Nous avions tant à nous dire. Il avait une douceur étonnante, se donnant totalement. Puis le dragon s’enflammait. Je sentais son brasier le porter, l’emporter, le ronger. Suivait l’abandon total du soulagement. J’essayais alors de le ramener à la vie en lui apportant le meilleur de moi, enrobé de ma tendresse infinie. Il acceptait ce plaisir, se laissait conduire avant de repartir en combustion. Quelle épreuve, quels partages ! Long, mon amour terrible.

Après ces échanges libératoires, nous nous sommes retrouvés dans notre position habituelle. Quand sa respiration se calma, je sentis ses larmes sur mon torse. Les premières depuis l’attentat ? Cette nuit-là fait partie de celles marquées d’une pierre blanche.

Le lendemain, il était plus souriant. Il me dit qu’avoir fait l’amour (!) dans cette maison, pour la première fois, la lui rendait plus douce, plus vivable. Il me fit visiter la maison. La chambre de son père, pleine de photos de sa femme et de ses enfants. « C’était un mec ignoble, mais il nous aimait énormément. C’était un père adorable, disponible. Je ne sais pas si je dois le haïr ou non. » La chambre de sa mère, avec des photos de son mari et de ses enfants. Le père de Charly était bel homme, élégant, distingué, pas du tout la figure du bandit, mais je gardais mes réflexions.
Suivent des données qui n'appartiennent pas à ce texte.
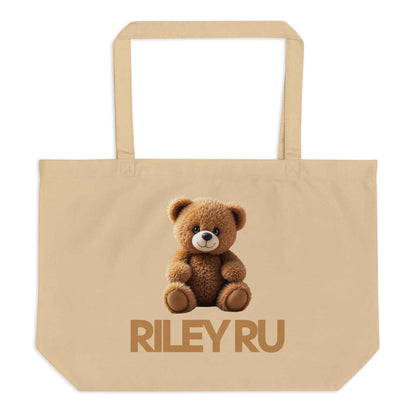 RILEY RU Teddy Large Organic Tote Bag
La chambre de sa sœur. Il ne voulait pas y entrer. C’était une blondinette aux yeux bridés, un mélange adorable, avec un sourire splendide. Dans le salon, je revis des photos de sa mère. Il tenait beaucoup d’elle, une de ces femmes qui marque la mémoire.

Je lui demandai à sortir. Je m’approchai des deux médaillons et, maintenant que je connaissais leur tragédie, je me recueillis, les plaignant, leur demandant de soutenir Charly, si jeune et si marqué, déjà, par la vie, par la mort. Il me regarda revenir, visiblement touché. « Personne ne mérite ça ! », lui dis-je. Leur sort, son sort.